Unfortunately, the cost of a college education is quickly getting away from the benefits it garners. This is not to say that college is now something that should be avoided; far from it. The experiences and the level of learning gained during college are very important and valuable. But the rising cost of education is leading to more students to be unable to finish their entire college run, and those that do, enter into a world wanting job experience as well as an education.
Students graduating from college, especially four-year colleges, find themselves in an interesting and often compromising position, especially if they entered college right after high school. They have their degree in hand, the degree that opens up a huge number of jobs that require having a Bachelor’s degree to even be considered for, but they have little to no job experience. Then when they begin looking into the job market, many jobs want a degree and a year or more experience within the field. This keeps the jobs that just became available through college education at arms length and unavailable to the recently graduated. The only way to remedy this, it seems, is to gain experience through unpaid internships while in college. However, as the costs of education continue to rise, more and more students find themselves needing to work full or part time while in school just to supplement the student loans that make it possible for many to attend college. This creates a time issue, if nothing else, when it comes to looking into unpaid internships.
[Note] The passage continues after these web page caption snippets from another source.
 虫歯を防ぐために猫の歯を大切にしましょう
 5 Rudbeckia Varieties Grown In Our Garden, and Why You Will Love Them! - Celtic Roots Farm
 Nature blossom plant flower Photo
So now a recent graduate finds himself without a decent job that was supposed to be available after graduating, or at least very stiff competition for the jobs in his field (or even jobs that have nothing to do with what he or she went to college for), and within six months, student loan payments start coming in. Since college has become so expensive, fewer and fewer families have the capabilities to send a child (or multiple children) to college without resorting to some form of student loans. And even if they scrimp and save, figure everything down to the last dollar and decide, “Yes, we can afford this,” the cost of education at any given college is going to go up in the coming years (with some increases as high as two thousand dollars from one year to the next).
To make the situation worse, more and more jobs are looking for individuals who took their education one step further and have a Master’s degree. So the value of a Bachelor’s degree is diminishing as more and more people are expected to have one.
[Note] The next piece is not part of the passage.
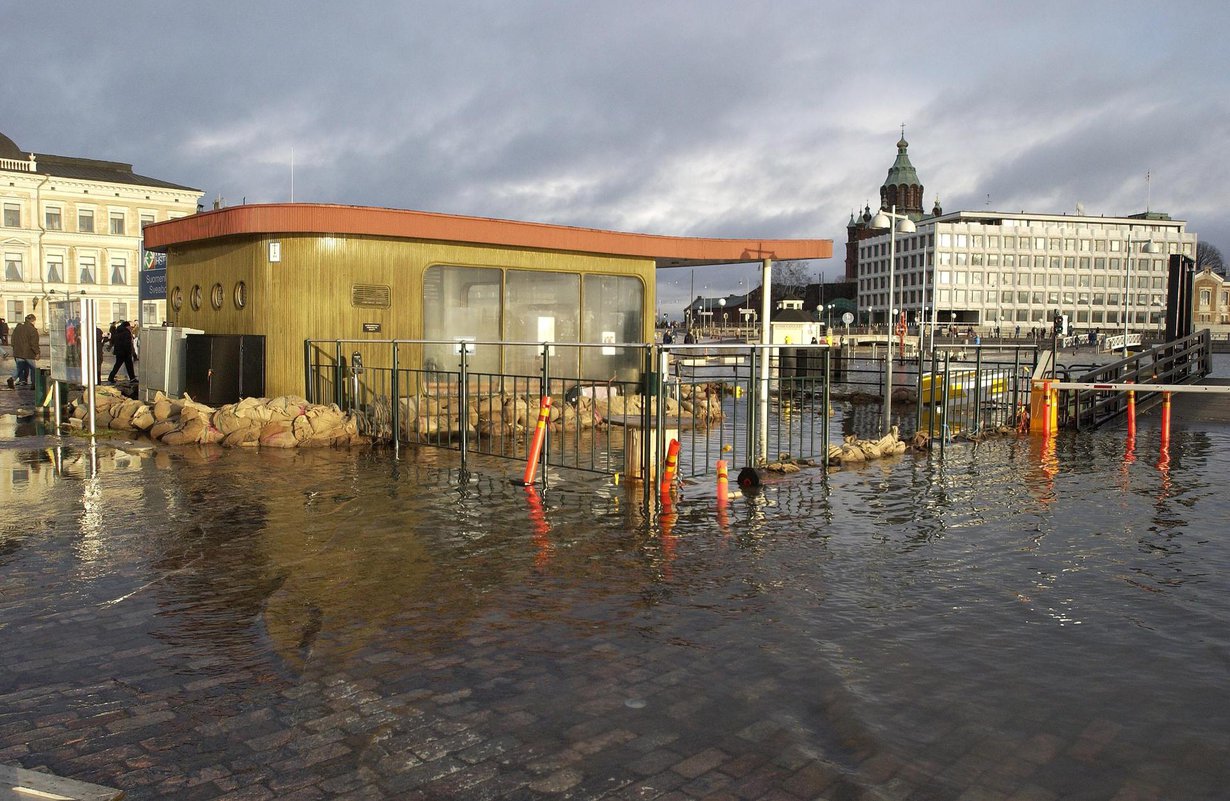 Myrsky nosti veden Helsingin Kauppatorille 2005. Kuva: Harri Vaskimo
The cost of education keeps rising, but the jobs available to those with a newly awarded degree aren’t increasing in number or monetary reward to balance out the cost of education, especially since nearly everyone is now expected to go to college. Is a college education important? Most definitely. Is it a shame that it’s so hard for many bright young adults to get one? Yes. The answer to this problem isn’t to ignore college, but to find a way to make it more affordable. If the costs of education were to come back down and the job market was willing to take more chances with educated but untested individuals, the cost of education would quickly become extremely effective.